與語音模型抽出的特徵不同，語音分解需要精準地控制各個編碼器使對應的輸出包含我們所期望的資訊，本論文著重於如何正確的分解出四種聲音的組成，使語音情緒辨識系統能夠獲得更為仔細分解過的韻律特徵。
從最後實驗可看出，相較於只使用語音模型的單目標情緒辨識系統，本論文提出的語音情緒辨識系統準確率可達到77.5%，在各架構中表現突出，並且還獲得自動語音辨識作為副產物。證明本論文提出的語音模型混合韻律特徵的多目標情緒辨識模型，不論在語音模型特徵與韻律特徵的混合，或者是多目標輔助的情緒辨識上，都能有很好的效果。

With the vast improvement of modern technology, our daily lives are surrounded by large amounts of Human-Computer Interaction products, like virtual assistants, smart watches, and self-driving cars to name a few. When users are interacting with these products, the addition of the user’s emotion information can allow these products’ response to be more natural and improve the comfortability during these interactions. Nowadays, there are lots of research surrounding the topic of emotion recognition, most speech emotion recognition systems use a powerful model to extract the features, but neglect to utilize a very important part of emotion recognition which is the prosodic features.
This thesis uses an autoencoder to correctly extract the components of speech to use as a more straightforward traditional prosodic feature, combined with powerful model extracted features, we also employ multi-task learning methods to enrich the features, including textual data from the speech model and emotion rich prosodic features from the speech decomposition model.
Unlike the speech model extracted features, speech decomposition needs to precisely control the outputs of each encoder to contain the data we desire, this thesis focuses on correctly decomposing the components of speech, allowing the speech emotion recognition system to acquire carefully decomposed prosodic features.

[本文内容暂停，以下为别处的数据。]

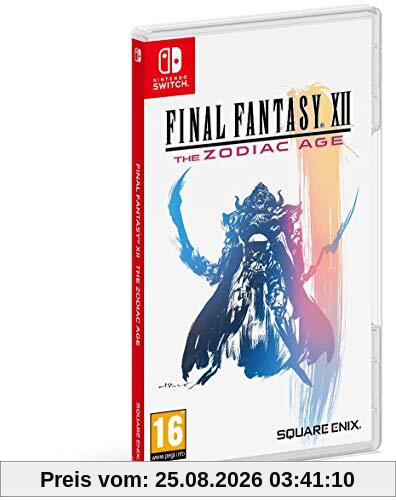 Final Fantasy Xii The Zodiac Age [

As we can see from the experiment results, compared with the single-task emotion recognition system that only uses a speech model as the extraction model, the proposed speech emotion recognition system achieved an accuracy of 77.5%, with a bonus of automatic speech recognition results. Proving that the proposed multi-task learning speech emotion recognition model can achieve good results on both the speech model extracted feature combined with prosodic features, and multi-task learning emotion recognition.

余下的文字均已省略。